As Illinoisans, we need to stop begging the legislature and our leaders to keep extending a small, non-inclusive school choice program. It’s time we band together and demand real school choice, real parental choice over how – and what – our kids learn.

Students First Act

With the passage of the Students First Act, parents who enroll their eligible children in an accredited private school will receive an amount equal to the per pupil funds allocated by the state to all public school districts each year. The funds are estimated at $7,598 per pupil for the 2023-2024 school year and will be deposited into an education savings account (ESA) to be used for tuition, fees, and other qualified education expenses. 

Funds are deposited into the ESA savings account each year until students graduate or complete high school or turn 20 years of age.

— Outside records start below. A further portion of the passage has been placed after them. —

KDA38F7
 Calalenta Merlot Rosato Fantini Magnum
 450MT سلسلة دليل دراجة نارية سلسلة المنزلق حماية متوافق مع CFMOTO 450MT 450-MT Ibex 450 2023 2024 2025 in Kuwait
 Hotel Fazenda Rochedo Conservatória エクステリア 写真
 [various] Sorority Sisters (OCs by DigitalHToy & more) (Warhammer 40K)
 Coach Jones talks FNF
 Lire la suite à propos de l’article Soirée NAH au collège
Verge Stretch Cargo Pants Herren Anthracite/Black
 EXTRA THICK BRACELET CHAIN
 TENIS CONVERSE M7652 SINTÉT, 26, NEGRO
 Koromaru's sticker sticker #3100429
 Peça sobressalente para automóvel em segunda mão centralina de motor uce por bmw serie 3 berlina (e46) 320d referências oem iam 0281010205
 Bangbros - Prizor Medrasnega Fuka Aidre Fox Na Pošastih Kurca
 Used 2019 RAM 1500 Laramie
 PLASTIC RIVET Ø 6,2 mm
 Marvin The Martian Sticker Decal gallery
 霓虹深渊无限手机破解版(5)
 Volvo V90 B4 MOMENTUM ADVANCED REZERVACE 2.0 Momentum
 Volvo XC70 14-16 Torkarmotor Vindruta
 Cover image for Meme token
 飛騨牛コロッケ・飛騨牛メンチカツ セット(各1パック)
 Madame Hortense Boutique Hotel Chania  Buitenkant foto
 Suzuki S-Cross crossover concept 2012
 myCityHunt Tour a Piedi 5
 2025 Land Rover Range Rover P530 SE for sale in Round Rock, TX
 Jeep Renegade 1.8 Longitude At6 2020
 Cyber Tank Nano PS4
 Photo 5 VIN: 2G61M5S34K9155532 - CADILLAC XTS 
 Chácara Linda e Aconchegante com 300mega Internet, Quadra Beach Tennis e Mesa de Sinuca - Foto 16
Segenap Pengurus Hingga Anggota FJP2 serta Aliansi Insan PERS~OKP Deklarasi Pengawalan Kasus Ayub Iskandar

Remaining balances are returned to the state general fund. 

Effective for the 2023-24 school year, ESAs will be available based on the following eligibility: 

Year 1: School Year 2023-24

  • All kindergarten students
  • All public school students
  • Private school students with a household income at or below 300% FPL; for example, a $90,000 household income for a family of four according to 2023 federal poverty guidelines
Year 2: School Year 2024-25

  • All kindergarten students
  • All public school students
  • Private school students with a household income at or below 400% FPL, according to 2024 federal poverty guidelines 
Year 3: School Year 2025-26

  • All K-12 students in Iowa regardless of income
The ESA application period will open in the coming weeks. Families interested in more information should visit the Iowa Department of Education website and sign up to receive notifications when updates are posted.

Other student funding generated by categorical funding formulas will remain with public school districts. This will include approximately $1,205 per pupil in new funding for students who live in their district but attend a private school.